By Carter B. Horsley
This thriller about a brainwashed assassin
is a spectacular movie that is full of surprises, suspense and
great sophistication. Based on Richard Condon's book of the same
title, it is a devastating attack on the politics of the Cold
War and the McCarthy era.
The movie has fantastic acting performances
especially by Angela Lansbury, Laurence Harvey and Frank Sinatra.
For conspiracy theorists, it is worth noting
that the year after this chilling film was released President
Kennedy was assassinated and this film was subsequently withdrawn
from circulation for about 25 years.
In the Korean War, an American platoon is ambushed
and captured and eventually released. The movie starts with the
ambush and then shows the return of Staff Sergeant Raymond Shaw,
played by Harvey, as a war hero who has been awarded the Congressional
Medal of Honor. He is greeted by his mother, played by Lansbury,
and her husband and his stepfather, Senator John Iselin, played
by James Gregory.
Harvey clearly detests his stepfather and contemptuous
of his mother and her right-wing beliefs. He plans to become a
Another member of the captured platoon, Bennett
Marco, played by Sinatra, has nightmares in which the platoon
attends a meeting of a women's garden club. So disturbing are
his nightmares that he is on the verge of a nervous breakdown
and is reassigned to public relations duty. He senses that something
is wrong when he knows that Sgt. Shaw is not very likable despite
the fact that he testified that he was the kindest and most wonderful
person when his award was being considered. As a public relations
specialist, Marco is present at a Congressional hearing at which
Senator Iselin charges that there are Communists in the government.

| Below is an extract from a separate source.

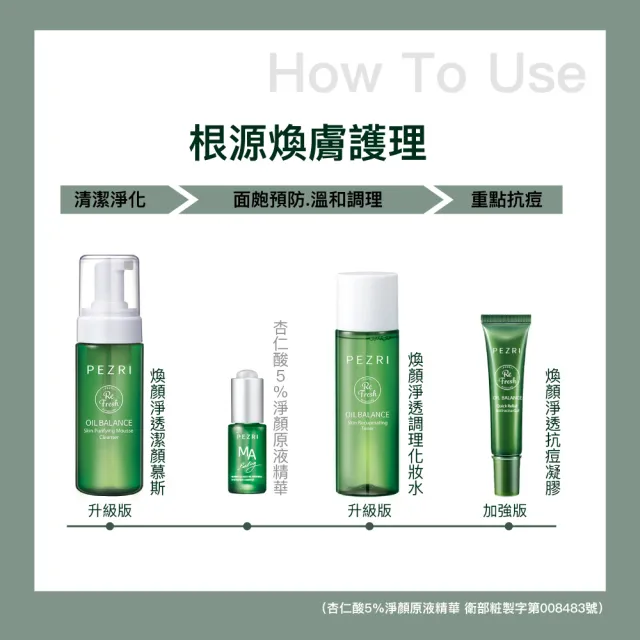 【PEZRI 派翠】煥顏淨透抗痘凝膠3入-18ml(油痘剋星/急救抗痘)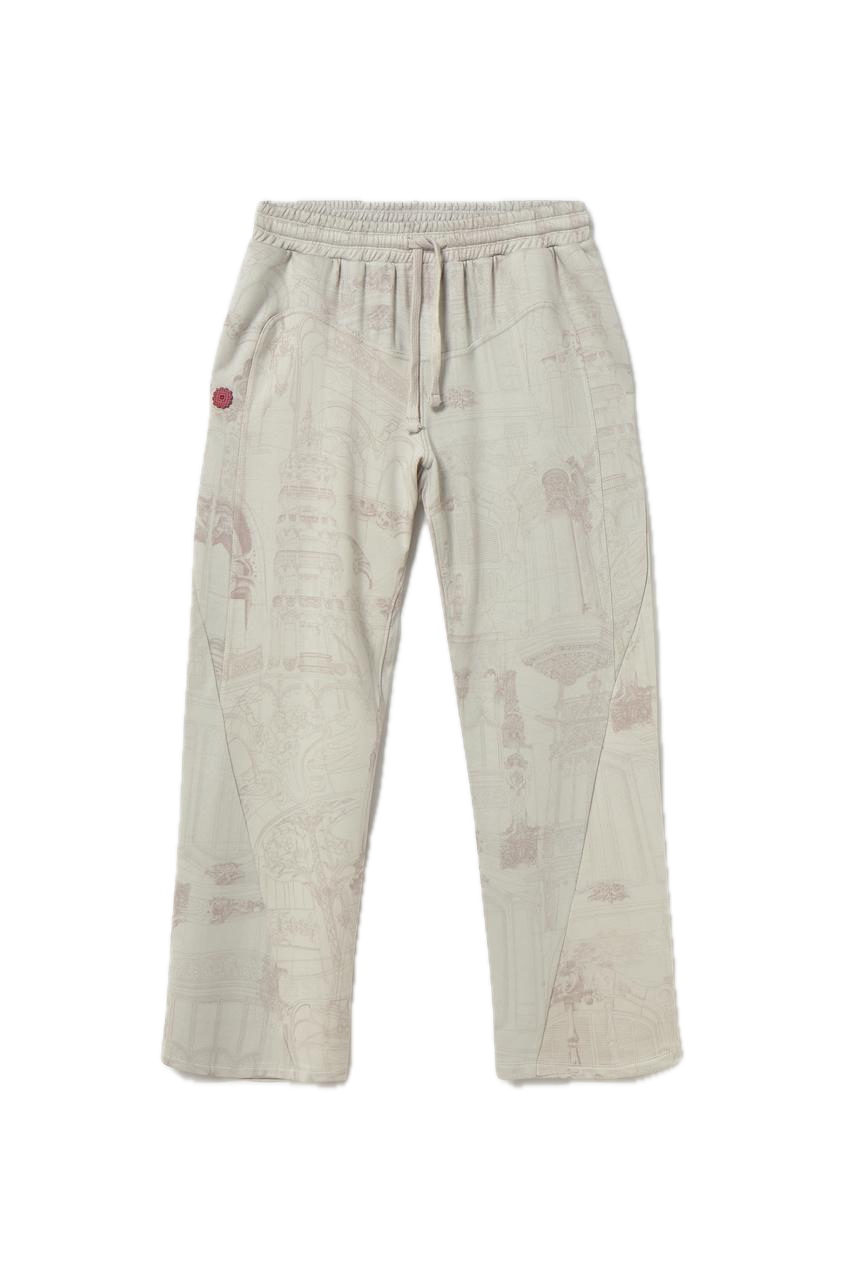 Ugo Boulard All Over Sweatpants Beige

At one point, the Senator tells his wife he has trouble remembering
how many Communists to mention in his speeches and the camera
shows her looking at a ketchup bottle on the table and the next
scene the Senator says there are exactly "57" Communists,
clearly based on the varieties promoted by the ketchup manufacturer.
The Senator, we soon learn, is about to get the Republican nomination
for vice president in the forthcoming Presidential election.
When another member of the platoon, played
by James Edwards, reports similar nightmares to Army intelligence,
Marco is assigned to check up on Shaw. It is interesting that
in his nightmares, Edwards, who is black, sees similar women at
the garden club but they are black.
Marco reconstructs his nightmare as he begins
to remember more details that include seeing Shaw kill cold-bloodedly
two members of his platoons on the orders of the some Soviet or
Manchurian leader and that the members of the "garden club"
included members of the Central Committee and military personnel.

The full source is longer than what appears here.